Im Kopf steht nur Duden, soweit ich weiß. Und erst nach dem Zeileneinschub (ist das Wort verständlich?) kommt der Satz/die Wortgruppe "Richtiges ...". Also sollte man beim Namen-Angeben schon den Bindestrich einschieben.



> Ich freue mich schon jetzt.



Ich dachte, du würdest ihn erstellen wollen. Das könnte wieder ein 10-bändiger Thread sein.


----------



## Whodunit

c-m-p said:
			
		

> Oh ja ... Entschuldigung! Ich werde ab jetzt jeden Beitrag noch einmal durchlesen, bevor ich ihn absende.

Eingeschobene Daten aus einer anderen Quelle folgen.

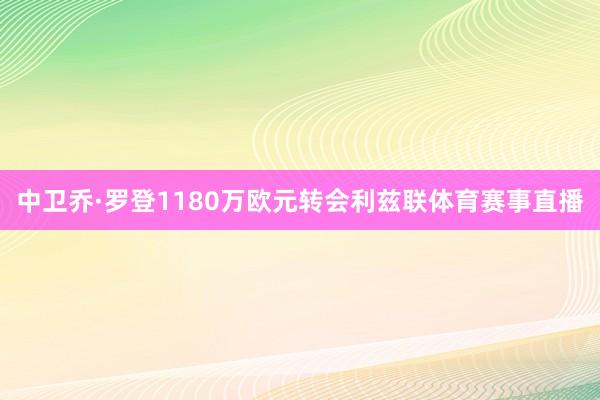 中卫乔·罗登1180万欧元转会利兹联体育赛事直播
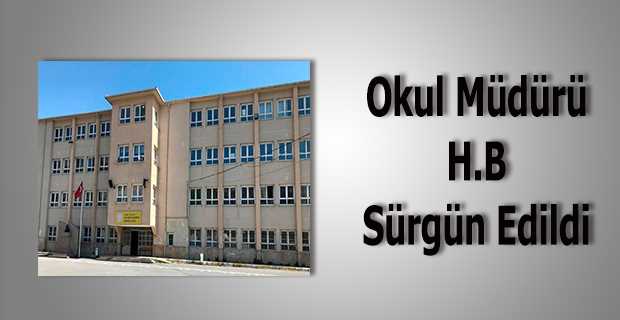 Okul Müdürü H.B Sürgün Edildi 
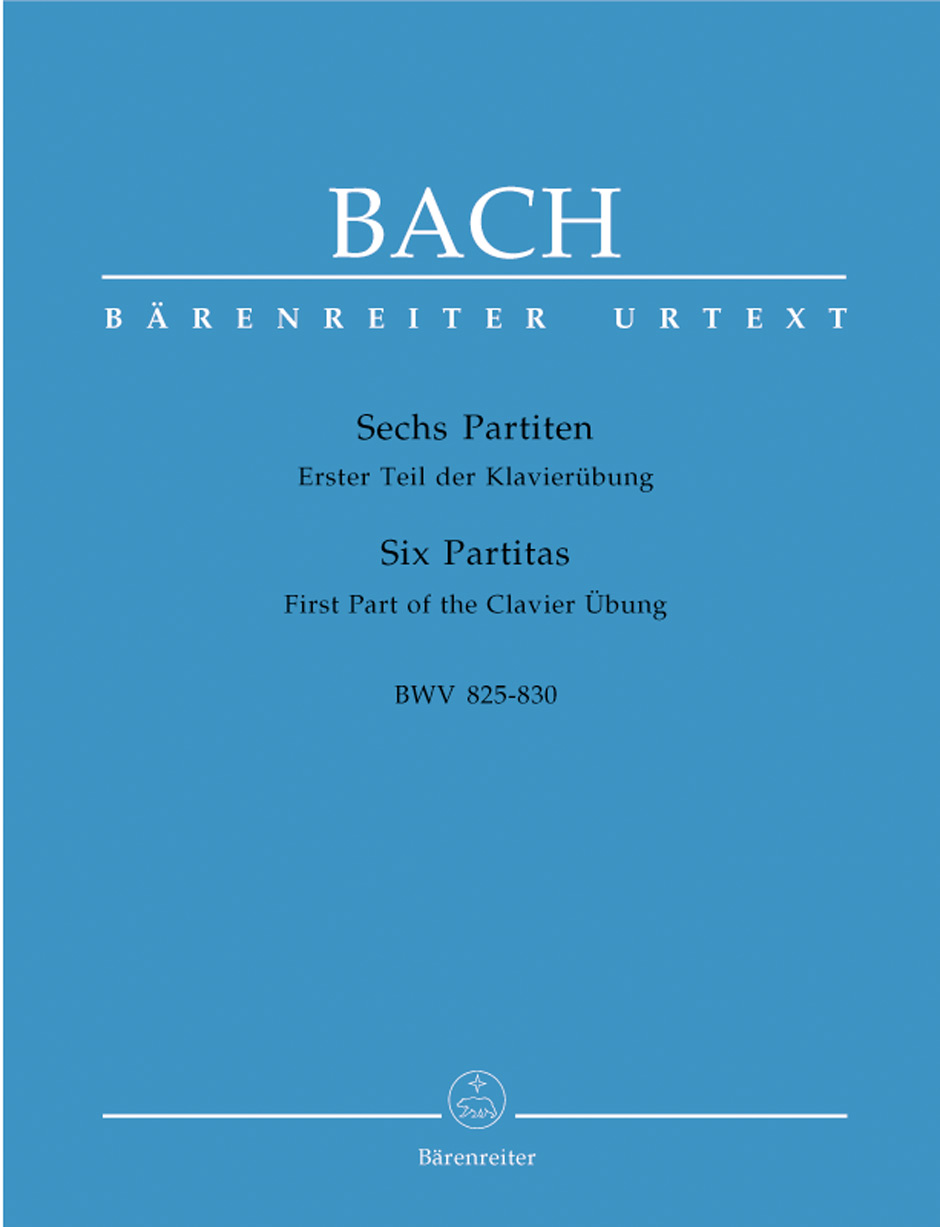 J. S. Bach - SECHS PARTITEN. ERSTER TEIL DER KLAVIERÜBUNG BWV 825-830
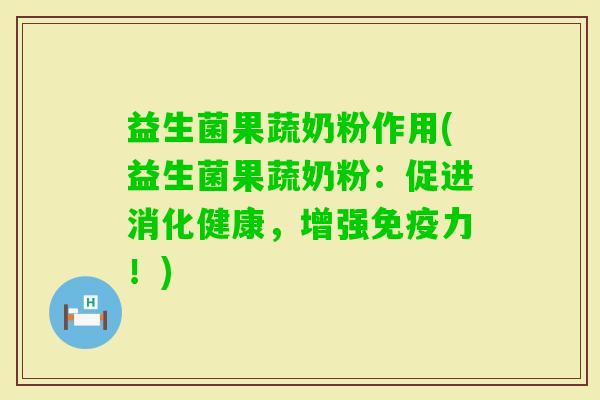 益生菌果蔬奶粉作用(益生菌果蔬奶粉：促进消化健康，增强力！)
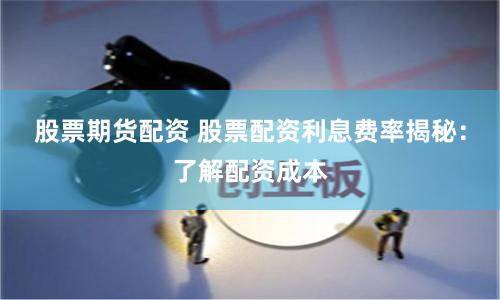 股票期货配资 股票配资利息费率揭秘：了解配资成本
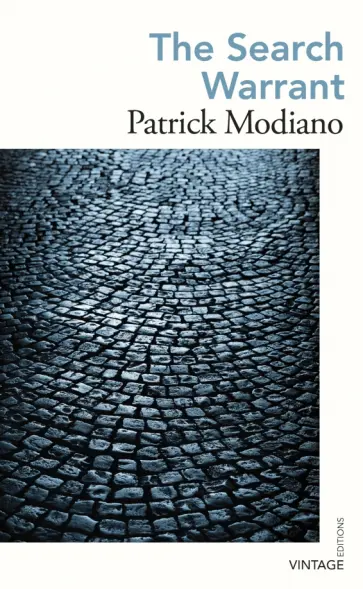 Patrick Modiano - The Search Warrant Patrick Modiano - The Search Warrant обложка книги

Das war keinesfalls offensiv oder beleidigend gemeint! Ich wollte dich halt nur darauf hinweisen.


----------



## Jana337

> Im Kopf steht nur Duden, soweit ich weiß. Und erst nach dem Zeileneinschub (ist das Wort verständlich?) kommt der Satz/die Wortgruppe "Richtiges ...". Also sollte man beim Namen-Angeben schon den Bindestrich einschieben.


 
Zeileneinschub ist klar (ich habe vor, einen Thread über Computerterminologie zu erstellen). Aber im Kopf meines Dudens steht wirklich das, was ich oben beschrieben habe. Ich habe mehrere Duden in einem Fenster. Nur das Universalwörterbuch, das ich mir separat angeschafft habe, hat einen Bindestrich im Kopf.



> Ich dachte, du würdest ihn erstellen wollen. Das könnte wieder ein 10-bändiger Thread sein.



Nicht dass ich faul wäre, aber ich wüsste nicht, wo und wie ich anfangen soll.

Jana


----------



## gaer

Jana (and all),

Here are some sentences I found on the Leipzig site:


Der ultimative Tipp für Klümpchenfabrikanten: Der zweitägige Saucen-Workshop für 310 Mark. Neben dem Kochbuch "Süße Orchideen" hat Rainer Mitze auch ein Kompendium über erlesene Zutaten verfasst: "*Exotische Gemüse* und Gewürze von A bis Z". (Quelle: Der Spiegel ONLINE) 

Ich ging zu mehreren Blumen, die in einer für Blumen schon so weit vorgerückten Jahreszeit noch blühten, ich ging zu den *Gemüsen*, zu dem Zwergobste und endlich zu dem großen Kirschbaume hinauf. (Quelle: _Adalbert Stifter - Der Nachsommer / Die Begegnung - 6_) 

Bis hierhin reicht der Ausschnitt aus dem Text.